After London is made up of two distinct parts. First is “The Relapse into Barbarism”, which describes the decline of civilization, but more importantly the recovery of nature, after an unspecified disaster. This section draws heavily on Jefferies background as a nature writer, and is essentially a detailed thought experiment on what would happen to the English countryside without many men around. For a potentially dry topic, it is surprisingly readable – largely because Jefferies describes the reaction of each aspect or species plausibly, then moves on without bogging down in details. Normally, this kind of material would exist mainly as backdrop for the characters. Here, one gets the feeling that the second half of the book was written mainly as an excuse for this imagination of the environment.
The second part of the book “Wild England”, is a more standard adventure story about a sullen and disaffected young noble and his search for a place in the world (one that will impress his beloved). The story is simple, and still relies heavily on descriptions of the environment as the hero travels around. But it is again well thought through, and the hero’s emotions are as plausible and realistic as the scenery around him.

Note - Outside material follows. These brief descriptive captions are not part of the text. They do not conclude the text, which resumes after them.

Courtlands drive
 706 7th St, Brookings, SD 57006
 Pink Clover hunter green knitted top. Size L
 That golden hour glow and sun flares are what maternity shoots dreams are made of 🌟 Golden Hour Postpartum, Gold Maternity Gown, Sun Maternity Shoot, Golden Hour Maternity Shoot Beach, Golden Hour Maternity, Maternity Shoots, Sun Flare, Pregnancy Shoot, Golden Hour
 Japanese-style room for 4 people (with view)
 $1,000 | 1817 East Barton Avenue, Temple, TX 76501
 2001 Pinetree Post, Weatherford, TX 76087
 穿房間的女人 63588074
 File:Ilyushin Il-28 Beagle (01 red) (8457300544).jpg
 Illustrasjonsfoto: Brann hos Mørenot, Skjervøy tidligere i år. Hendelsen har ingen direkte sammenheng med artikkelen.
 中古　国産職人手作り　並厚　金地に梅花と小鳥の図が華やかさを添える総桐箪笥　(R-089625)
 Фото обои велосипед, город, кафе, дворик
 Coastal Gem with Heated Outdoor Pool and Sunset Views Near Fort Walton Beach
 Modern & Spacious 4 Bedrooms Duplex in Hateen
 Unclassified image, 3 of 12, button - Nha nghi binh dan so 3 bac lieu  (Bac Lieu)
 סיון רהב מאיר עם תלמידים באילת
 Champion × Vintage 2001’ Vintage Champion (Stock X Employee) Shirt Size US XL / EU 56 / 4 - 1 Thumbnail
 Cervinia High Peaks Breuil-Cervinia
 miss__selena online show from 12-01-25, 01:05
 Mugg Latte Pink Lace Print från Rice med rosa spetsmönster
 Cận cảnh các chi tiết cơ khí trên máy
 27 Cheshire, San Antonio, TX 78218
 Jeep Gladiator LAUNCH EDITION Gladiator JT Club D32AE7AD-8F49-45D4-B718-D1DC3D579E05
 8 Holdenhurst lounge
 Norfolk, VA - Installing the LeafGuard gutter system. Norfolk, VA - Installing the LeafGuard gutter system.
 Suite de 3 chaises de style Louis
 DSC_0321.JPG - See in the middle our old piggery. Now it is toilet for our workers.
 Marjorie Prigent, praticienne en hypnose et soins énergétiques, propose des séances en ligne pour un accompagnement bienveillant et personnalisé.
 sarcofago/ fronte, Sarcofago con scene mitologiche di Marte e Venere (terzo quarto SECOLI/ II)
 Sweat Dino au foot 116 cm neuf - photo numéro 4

The book is a pleasant read, if not exciting. I would have considered giving it a higher mark, but for the fact that the story effectively stops mid-stream. We can imagine what happens next; it’s not essential that we’re told. But because there’s no gradual letdown, it feels very abrupt – enough so that on reading an e-copy a couple of decades after the print version, I went looking on the internet to see whether I had somehow been shortchanged.
So, a fun, interesting read, but a little disappointing at the end.